The psychic lady comes back with the tea. Sit down, she says, and we do. You're looking for something, aren't you? She asks. Yes, I say. Does it have something to do with a girl? Yes, I say. Not this girl. No, I say. A girl you lost? Yes, I say. What is that on your nose? she asks. A birthmark, I say. Is the girl named Mary? No, I say. Are you sure? She asks. Yes, sure. I say. Why don't you tell me what it is then? Okay, I say, My wife Helena died of a methadone overdose and I can't remember our song. Your song? She asks. Yes, I say, she came to me in a dream and she said I should have played our song instead of Stars and Stripes Forever at her funeral. But I don't know what our song is, because I drank too much spiced rum that night. The psychic lady thinks for about two minutes. That explains it, she says. The Wind Cries Mary!

So I learn The Wind Cries Mary, which is real tough to play on the saxophone unless you're good. But I practice over at Victoria's apartment and with my kids on the weekends. Victoria cries every time she hears it. My kids dance around me as I play. It takes two months, but I finally make it mine.

Helena's grave marker is in the corner of the cemetery. There are trees planted in straight lines that lead off into the horizon. The sky is the same kind of gray as my Wakenhut uniform. It's Saturday, and my sax is around my neck. I take a sip from the bottle of spiced rum and I sit down in front of her gravestone. Oct. 13, 1968 - Jun 19, 1997. I play our song as loud as I can belt it. When I finish I'm out of breath and I take another sip and say, How was that?

Terrible.

I turn around and there's Helena, more beautiful than ever or I've had too much spiced rum again. She has her hands on her hips and her hair is straighter and much shorter than I remember. She's wearing a flame-orange dress.

Her hands are on her hips, and I know what that means.

You didn't like the way I played our song? I ask. That wasn't our song, you fool! She yells. Whose song was it? I ask. Hell if I know. That psychic bitch stole your money, Cole. So what's our song then? I ask. I'm not going to tell you now. You're hanging around with some whore! She yelled. Then she grabbed me by the collar. You keep my kids away from that bitch, understand? Yes, I say.

She starts to leave. Please, I say, I just want to know our song. Just tell me and I'll play. Even if I don't know it, just hum how it goes so I can play it for you.

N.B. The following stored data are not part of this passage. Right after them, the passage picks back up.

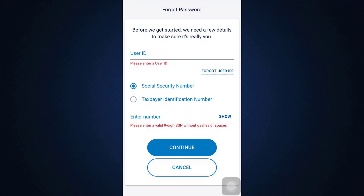After tapping Continue, you'll be directed to a page where you'll be able to set up a completely new password for your account. It is then by entering your user ID and your newly set password that you'll be able to log into your account. If you get logged in successfully, it means that your account recovery has been successful.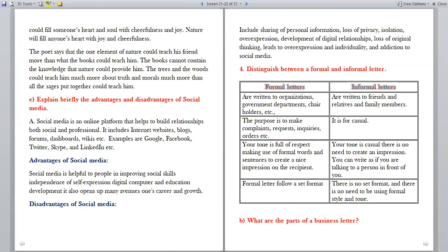Distinguish between a formal and informal letter. Formal letters are written to organizations, government departments, chair holders, etc. Informal letters are written to friends, relatives and family members. The purpose of formal letters is to make complaints, requests, inquiries, orders, etc.; informal letters are for casual communication. The tone in formal letters is full of respect, using formal words to create a nice impression on the recipient. Informal letters have no need to create an impression — you can write as if talking to the person. Formal letters follow a set format, but there is no set format for informal letters.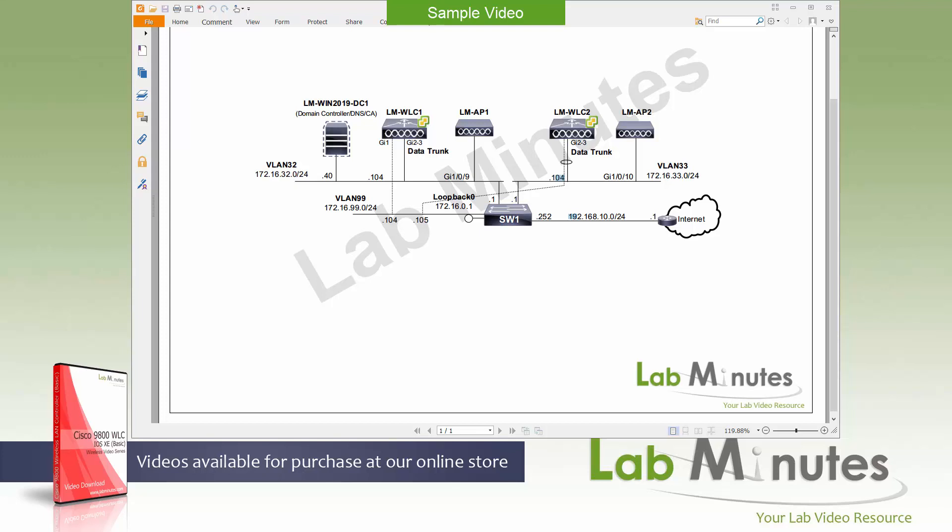Welcome to labmiss.com in our lab video series on Cisco 9800 wireless LAN controller. This is Mehta, your instructor for this video series.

She turns around. Forget it, Cole. Just forget it.

My name's Mosquito Nose, I say. Stop callin' me Cole.

Your name is Cole, she says, being all gentle for once, and I'd get that thing removed if I was you. You ain't gonna have it in Heaven anyway. And you sure ain't going to have that bottle.

She leaves me in the graveyard, with my rum and my sax and hell if I know what she wants me to do. She walks down the straight line of trees until all I can see is her dress moving slowly away like a fuse. So that's it. I play The Wind Cries Mary until it's time for me to head of to Vanity Fields. Just one barber to pay off and I can try sleep again.